I was schooled in the chaos of unbridled tension from a very early age. In truth perhaps, we all are. Maybe it is merely a function of being human, or more accurately, to be any created thing in an imperfect world. It has taken me a lifetime of practice and learning to discover though that it is not my responsibility to “resolve” all the tensions I experience. I am still learning how to become supple enough to go with the flow of life, to see more clearly what’s mine to carry and what is not, what’s mine to resolve and what is not. It takes a lifetime to learn how to allow, wait and trust. The Chinese Taoists’ call this wu wei (effortless action); in Christian terms we hear this wisdom in Jesus’ parable about the seed growing by itself (Mark 4:26-29).

Learning to take the “me” out of the equation has even helped to ease my need to resolve life’s tensions. In learning to drop the roles and identifications I have collected over a lifetime—to listen from a deeper and freer centre—I am discovering that, in the words of the spiritual teacher David Richo,

“I am still a loving person when I let go of the need to make things right for others”¹

In other words, resolve the tension. I can feel Life taking a very deep breath in me here.

The tension borne of having to make things right can devolve into a form of negative perfectionism for sure, a compulsion fueled most often by the fear of being found inadequate. Imagine my surprise when I discovered the wisdom of a positive perfectionism, where a fecund balance of tensions actually creates new life! Clarissa Pinkola Estés, Jungian psychoanalyst and spiritual teacher, offers this insight:

A positive perfectionism gives best effort, stays with something productive for mastery’s sake. Positive perfectionism urges the psyche to learn to do things better; how to write better, speak, paint, eat, relax, worship better, and so on. Positive perfectionism makes certain actions consistently in order to recognize a dream. ²

I believe that this kind of positive tension is sewn into the fabric of the universe and that it is trustworthy at all levels of reality – personal, communal, global, cosmic. I am still learning to dance this tension of balanced turbulence which lives at the heart of all creation, still learning to let go of attachment to “outcomes” and go with the flow, still learning to lean into the music of it all. In this, I find some peace.

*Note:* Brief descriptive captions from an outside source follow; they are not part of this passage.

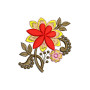 Small Flower Applique Embroidery Design 23386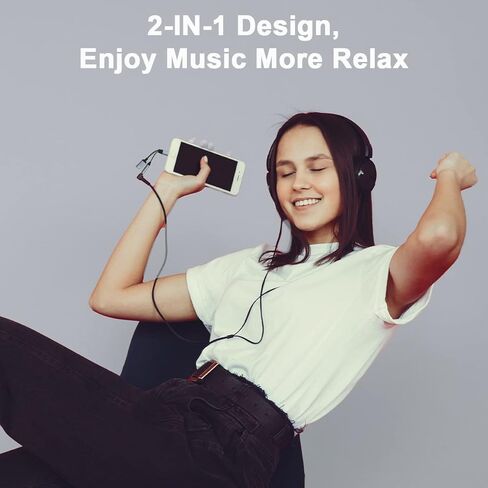 محول كابل شاحن وسماعة رأس لايتنينج إلى 3.5 ملم جاك 2 في 1، 【معتمد من Apple MFi】 موزع محول سماعات الأذن يدعم الموسيقى + الشحن + HiFi + ميكروفون + التحكم لهاتف iPhone 14 Pro Max/14 13 12 11 in Kuwait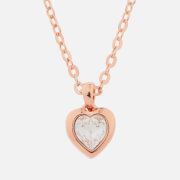 Ted Baker Women's Hannela Crystal Heart Pendant - Rose Gold/Crystal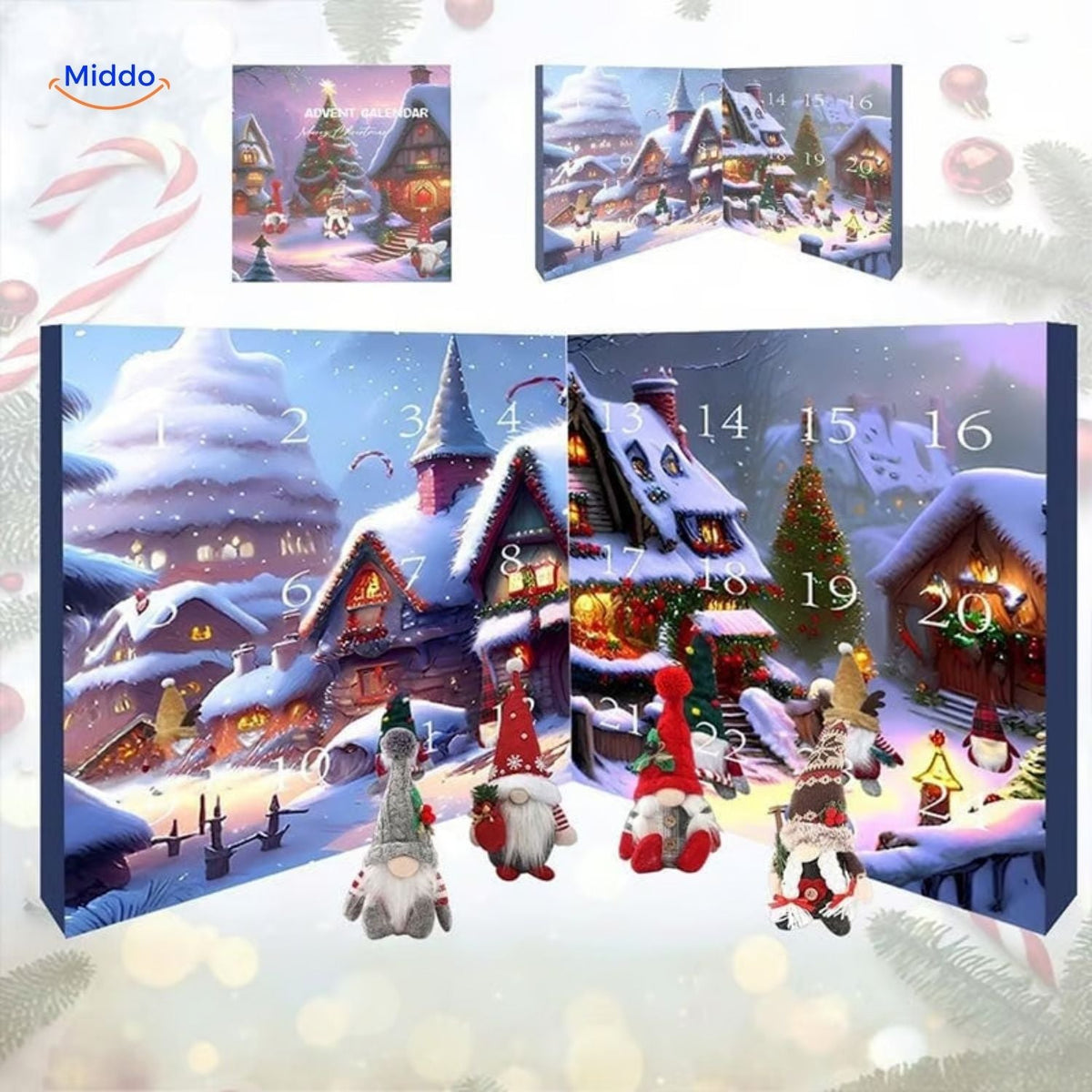 Λούτρινο Ημερολόγιο Αντίστροφης Μέτρησης Advent με Νάνους | Χριστουγεννιάτικο Δώρο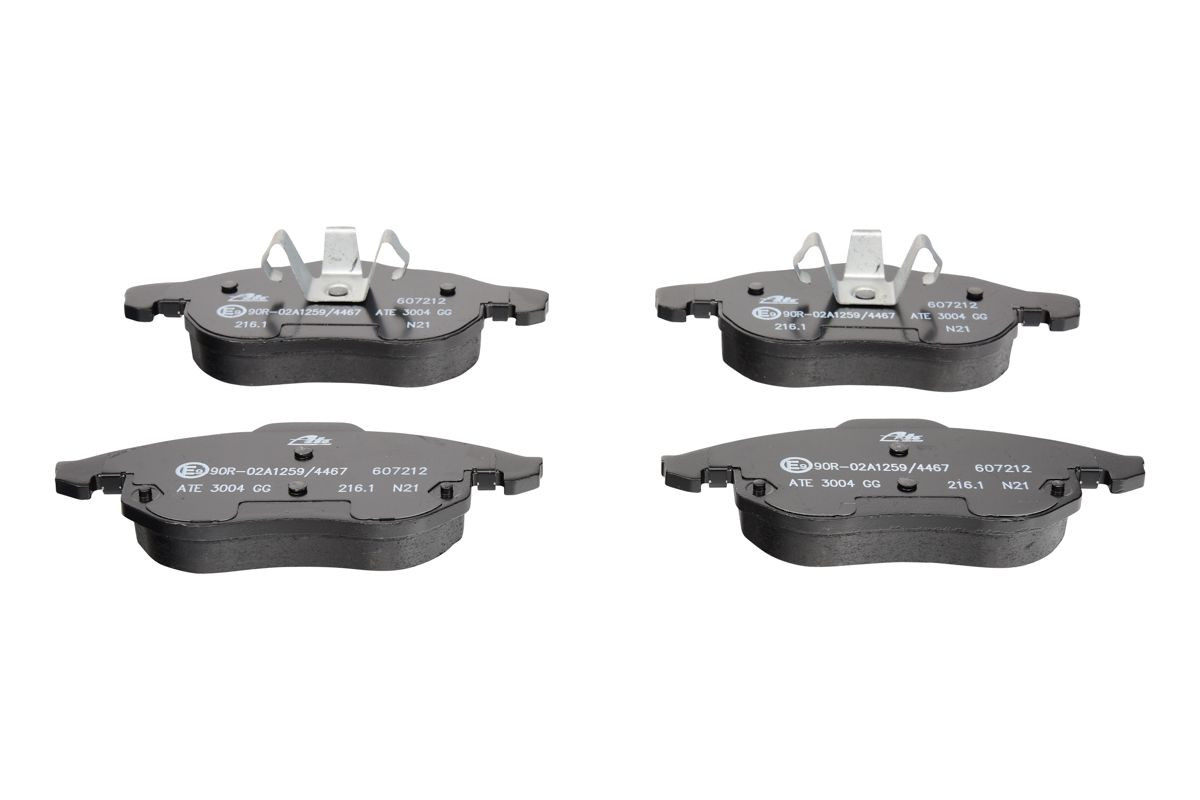 Stabdžių trinkelių rinkinys, diskinis stabdys ATE 13.0460-7212.2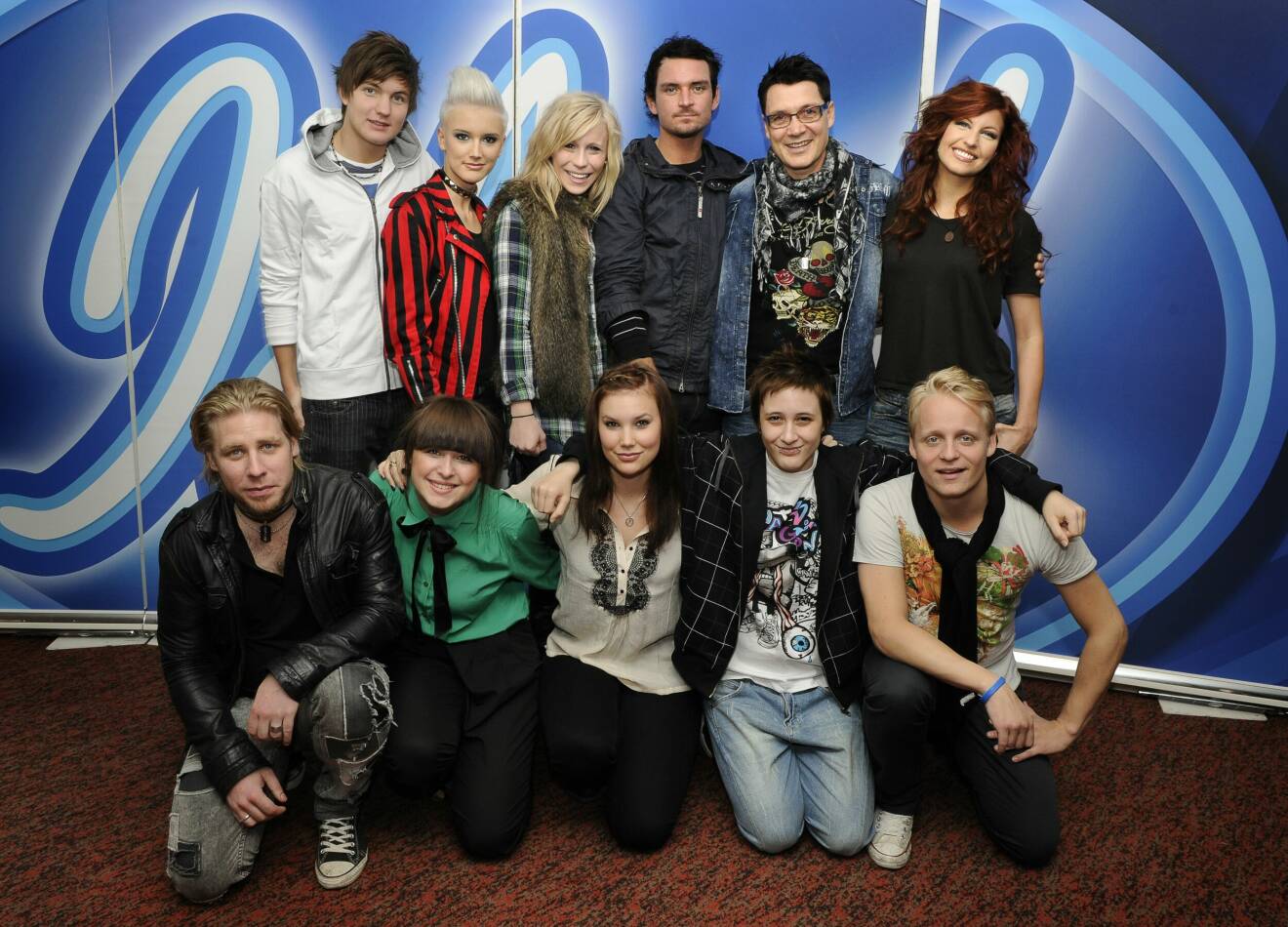 Gruppbild från Idol 2010.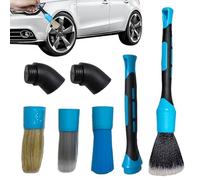 Set di Spazzole per la Detergenza dei Veicoli | Utensile Staccabile per Pulizia Auto e Spolveratura,Spazzole per l'Igiene 'Automobile | Per SUV Motocicli Biciclette Interno Esterno Presa d'Aria Sedili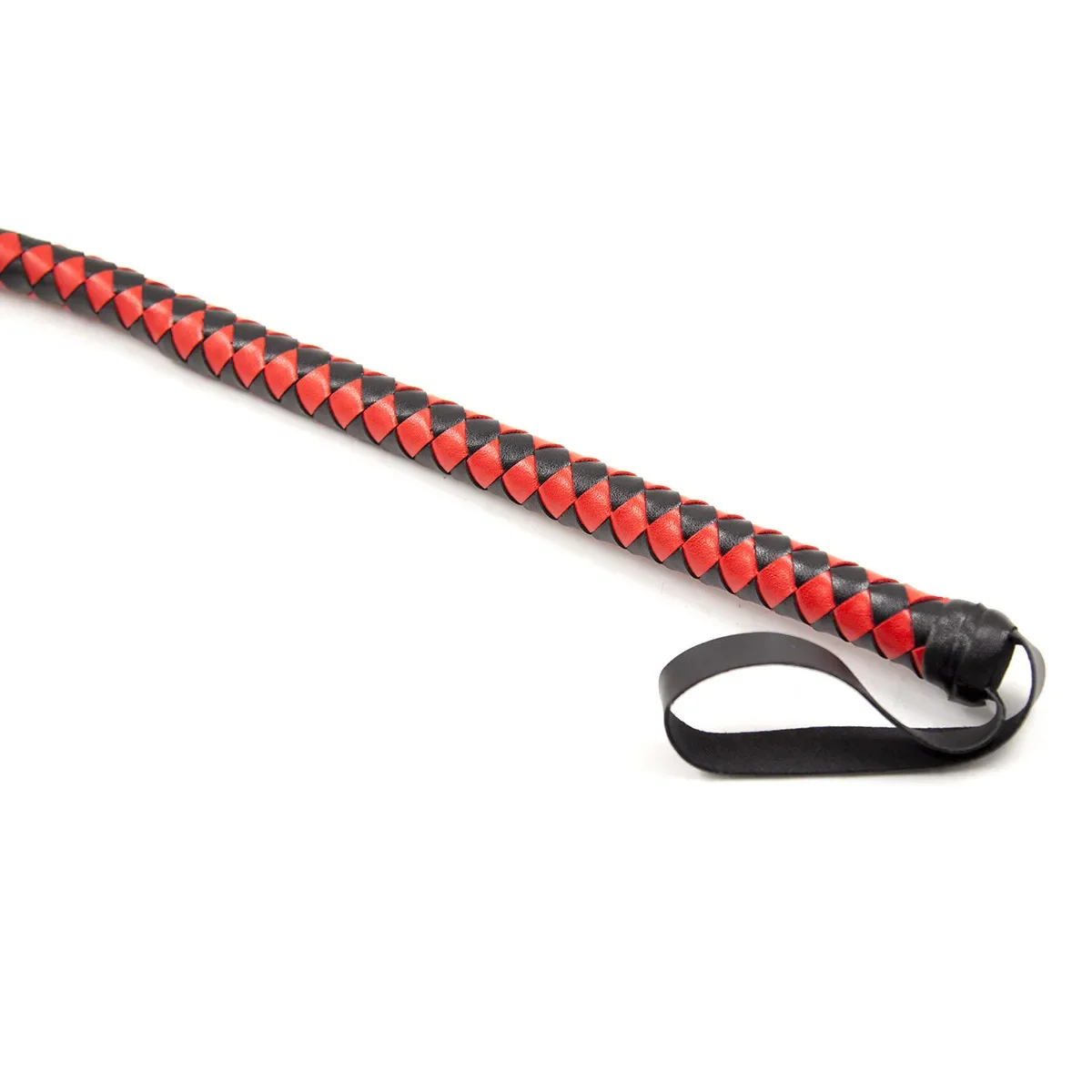Frusta di cavallo in pelle frusta di toro 4 Plait Bullwhip scelta di colori bianco o rosso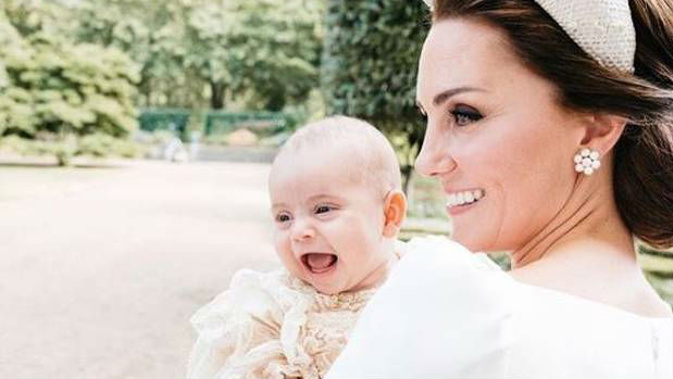 Little Prince Louis with his mother, Catherine the Duchess of Cambridge. Photo / Matt Porteous, Kensington Palace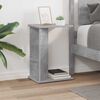 vidaXL End Table Concrete Grey 35 x 25 x 50 cm Engineered Wood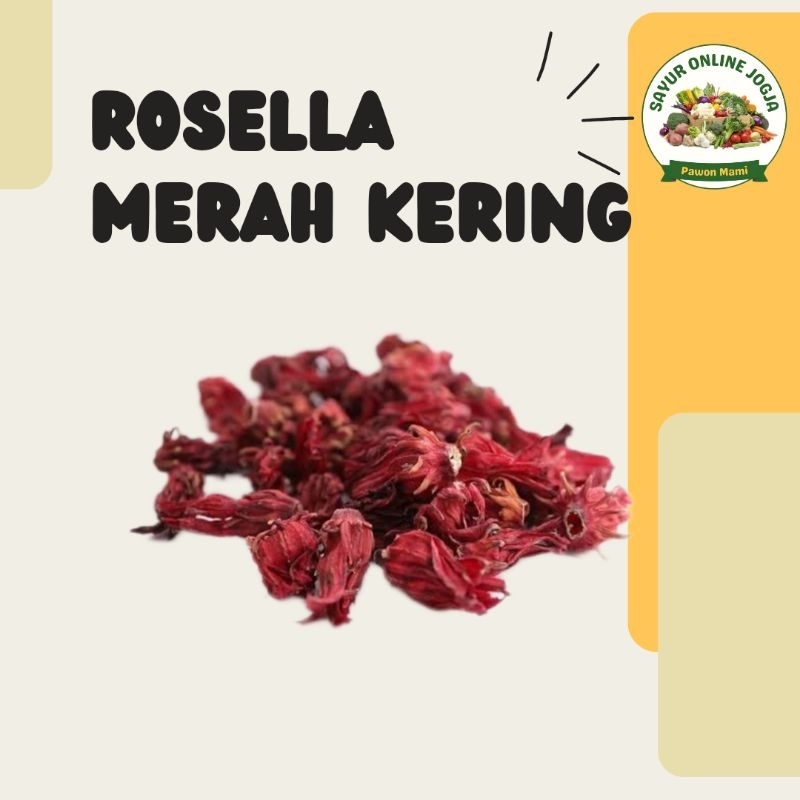 

Rosella merah kering 25gr - PAWON MAMI SAYUR ONLINE JOGJA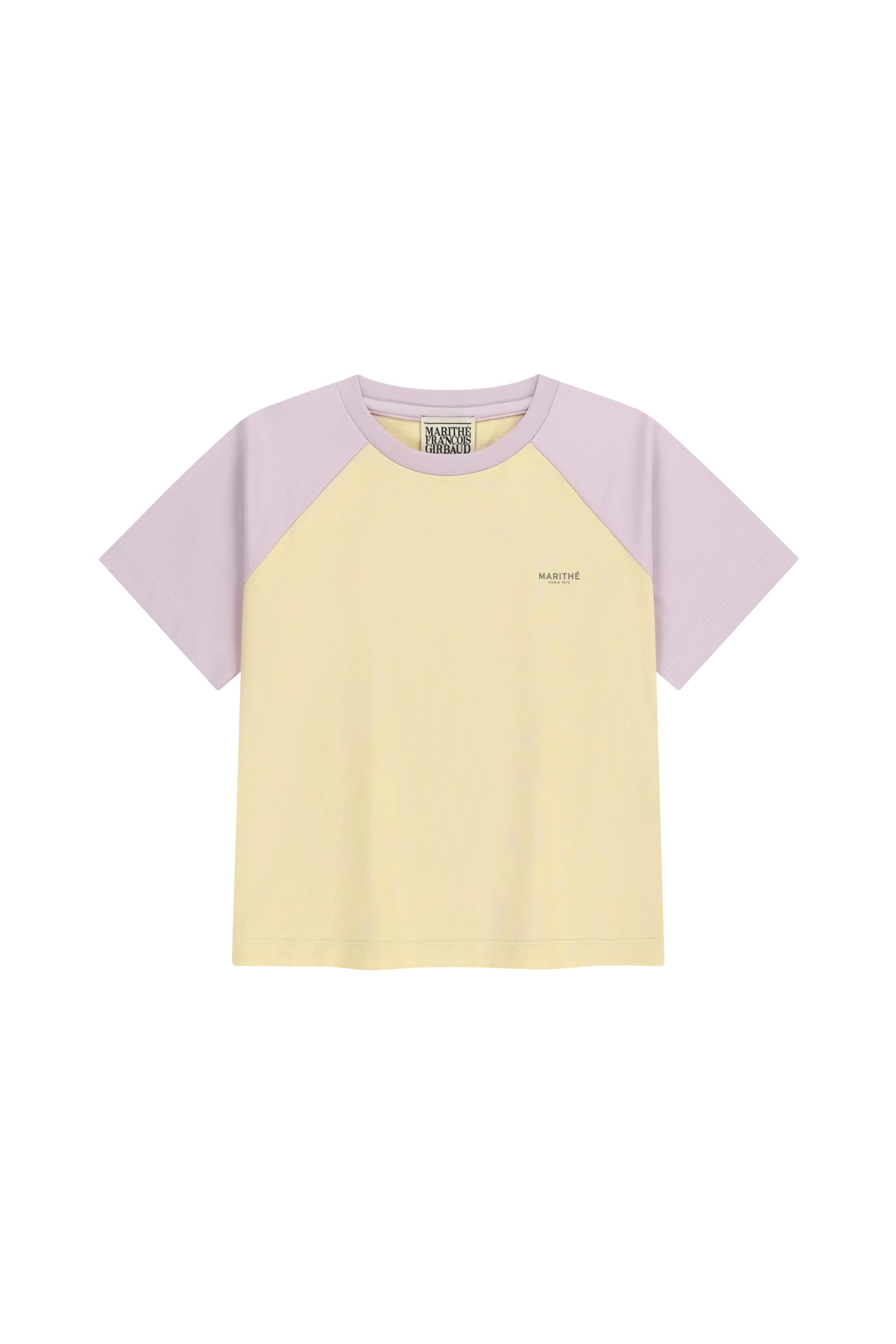 W Small Regular Logo Raglan Crop Tee Light Purple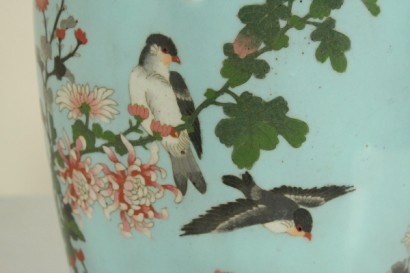 antiquités, cadeaux, céramique, Japon, époque Meiji (1868-1912), vases cloisonnés, #antiquariato, #oggettistica, #dimanoinmano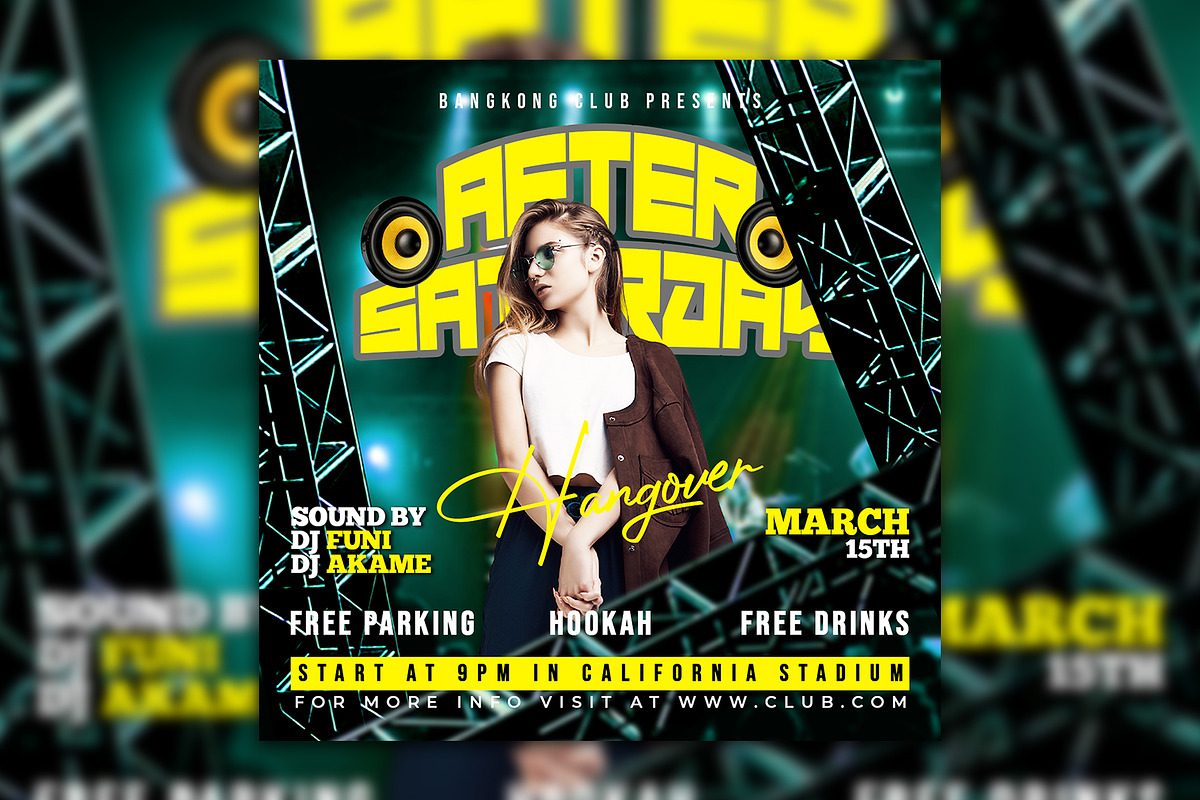 Dj Party Flyer Bundle, a Social Media Template by AbcStudio (Photo 7 of 10)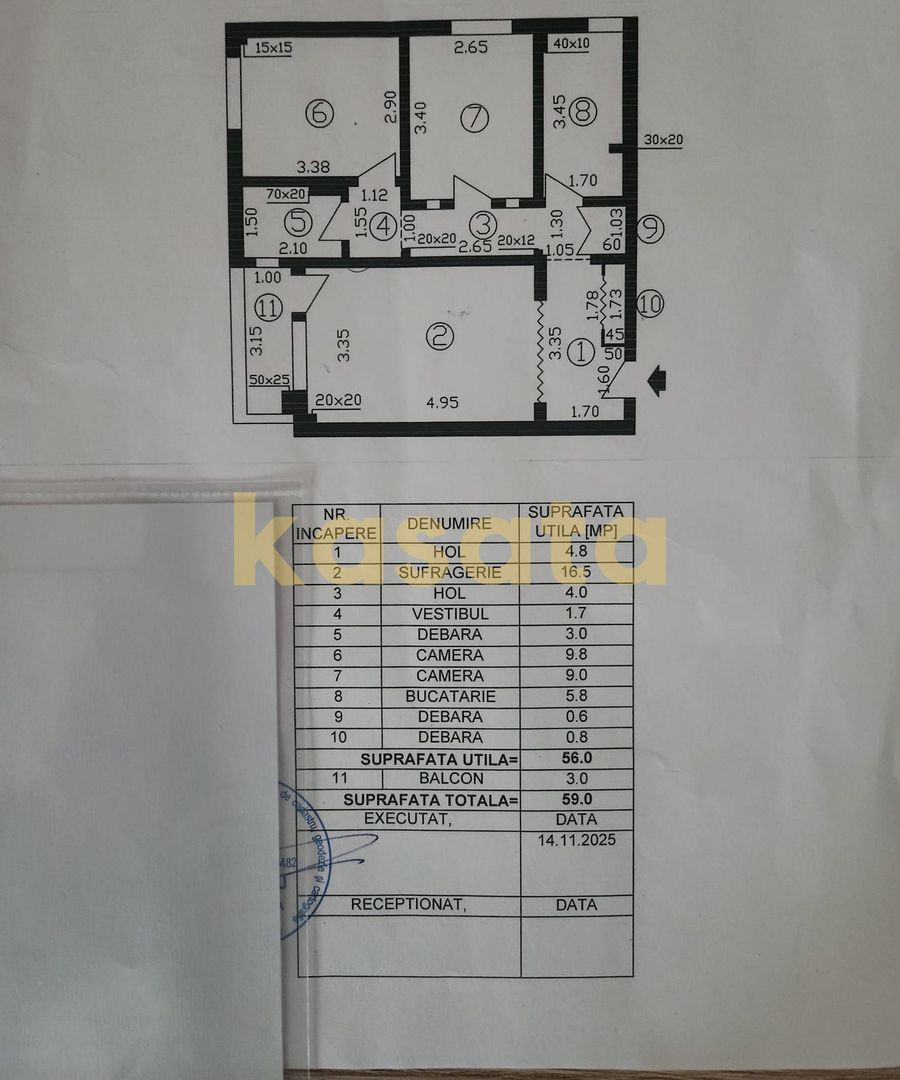 Apartament 3 camere 🏡 | Drumul Taberei Favorit 📍 | Metrou 1 min 🚇 - Schiță 21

¹ David Richo, When Love Meets Fear: Becoming Defense-less and Resource-full (New Jersey: Paulist Press, 1997), p. 201.
² Clarissa Pinkola Estés, Ph.D, Women Who Run With the Wolves: Myths and Stories of the Wild Women Archetype (New York: Ballantine Books, 1995), p. 494.

Sandra Stewart is a member of the Sisters of Our Lady of the Missions in Winnipeg. Originally from Windsor, ON she has spent most of her religious life in Manitoba but has also served in France, Senegal and Papua New Guinea. She holds a Masters degree in Pastoral Studies from Loyola University in Chicago, majoring in spiritual accompaniment from the Institute for Spiritual Leadership.

Presently she serves as a spiritual director, a facilitator of Centering Prayer workshops, and an advocate for social and environmental justice.

Sandra currently serves on her community’s province leadership team in Canada.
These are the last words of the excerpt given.